Муж курил на крыльце, ждал, когда она управится.

Оглянувшись на занавеску, за которой спали мальчики, Августина достала из шкафа свои иконы, поставила на полочку. Перекрестилась и прочитала молитвы. Вечернюю, «Символ Веры» и молитву о детях. Все как всегда. Только сегодня, читая свое вечернее правило, она не ощущала благодати. Чувство вины точило ее и мешало молиться. Она убрала иконы, накинула шаль и вышла на крыльцо.

Павел Юрьевич стоял у перил и смотрел на полоски заката, тающие за силуэтом собора.

– Я хотела поговорить с тобой, – осторожно начала она, не зная, к чему приведет этот разговор, и волнуясь.

– Ты озябнешь. Может, пойдем в дом? – сказал он.

– Нет, подожди. Мы должны подумать о Сереже.

– Я как раз думал о нем. Странный ребенок, ты не находишь?

– Странный? Нет, я не об этом. Мы с Машей были близкими подругами, и я… Я уверена, случись со мной то, что с ней, она не оставила бы Владика.

– У тебя никого нет. А у нее остались родственники. Кажется, брат, Артем, неплохое положение занимает. Почему бы ему не забрать племянника?

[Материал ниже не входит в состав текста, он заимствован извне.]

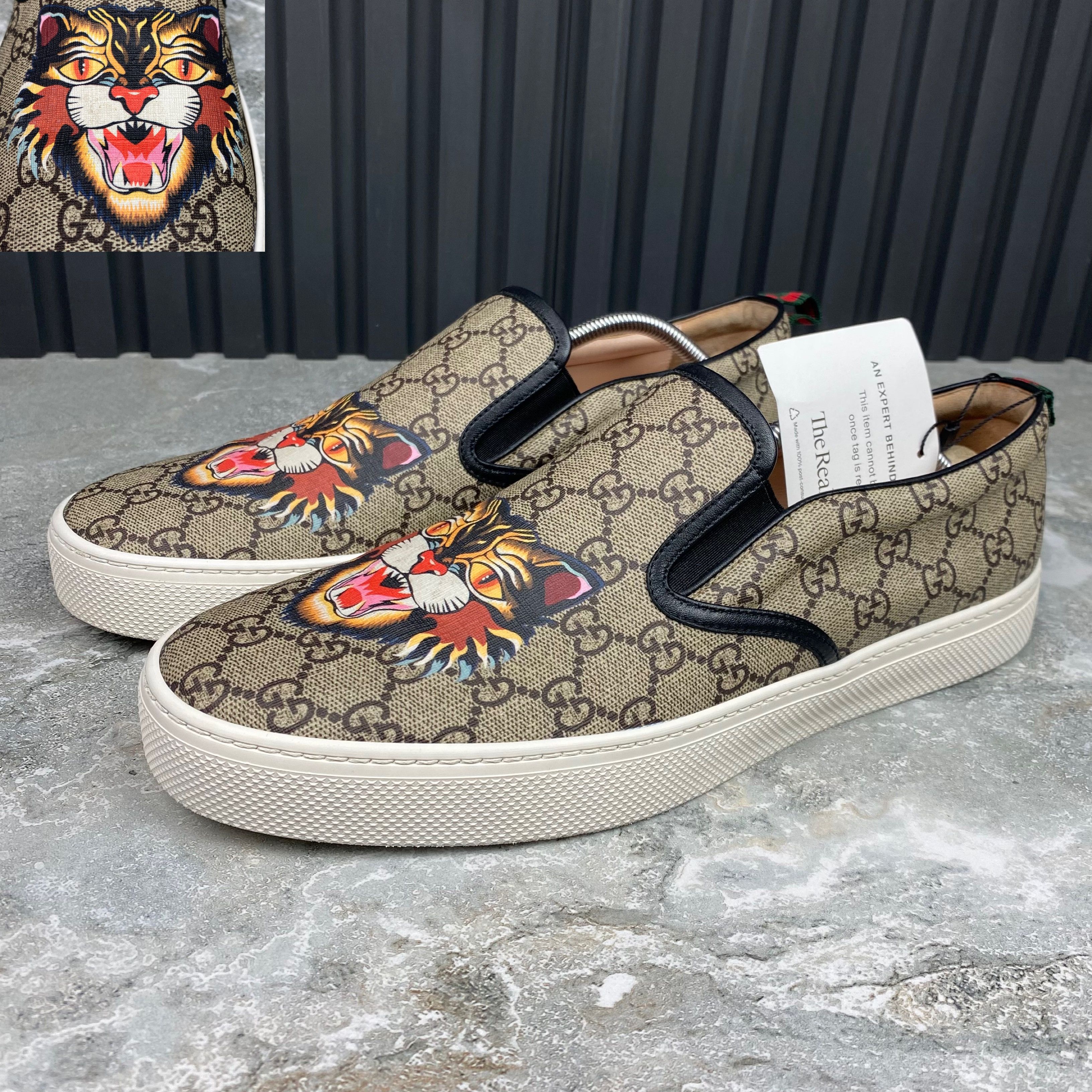 Gucci dublin slip on womens online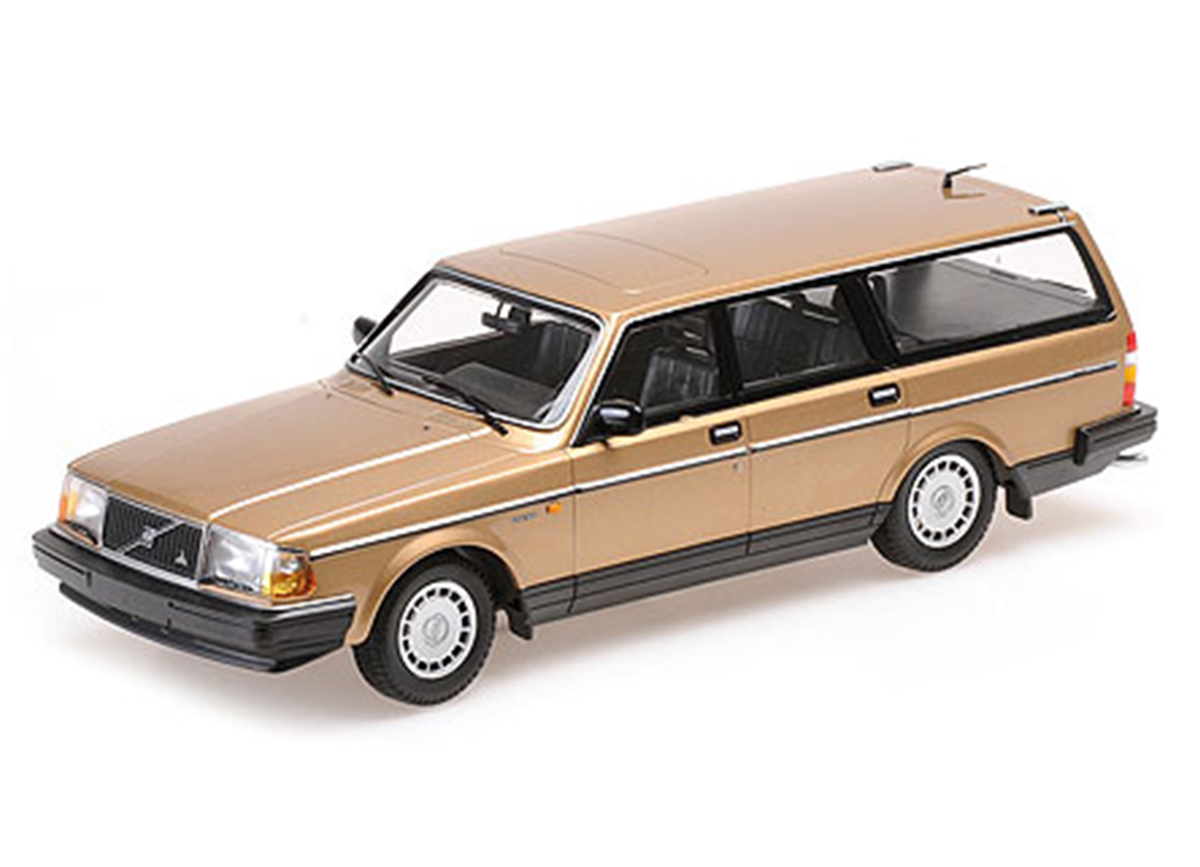 VOLVO 240 GL BREAK - 1986 - GOLD Minichamps 1:18 Metallmodell, Türen, Motorhaube... nicht zu öffnen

– Конечно, есть Артем, но я уверена, Сережа не захочет сейчас уезжать из Любима. Может быть… я подумала, что ему лучше было бы остаться у нас.

– Ты предлагаешь мне его усыновить? – Павел Юрьевич повернулся и уставился на жену.

– Но ведь они с Владиком двоюродные братья и к тому же друзья…

– Вот именно! – воскликнул Павел Юрьевич, взмахнув рукой. – Ты как будто слепая, Ася! Мало того что Влад на меня волчонком глядит, так появится еще один! Два волчонка – это, извини, уже стая!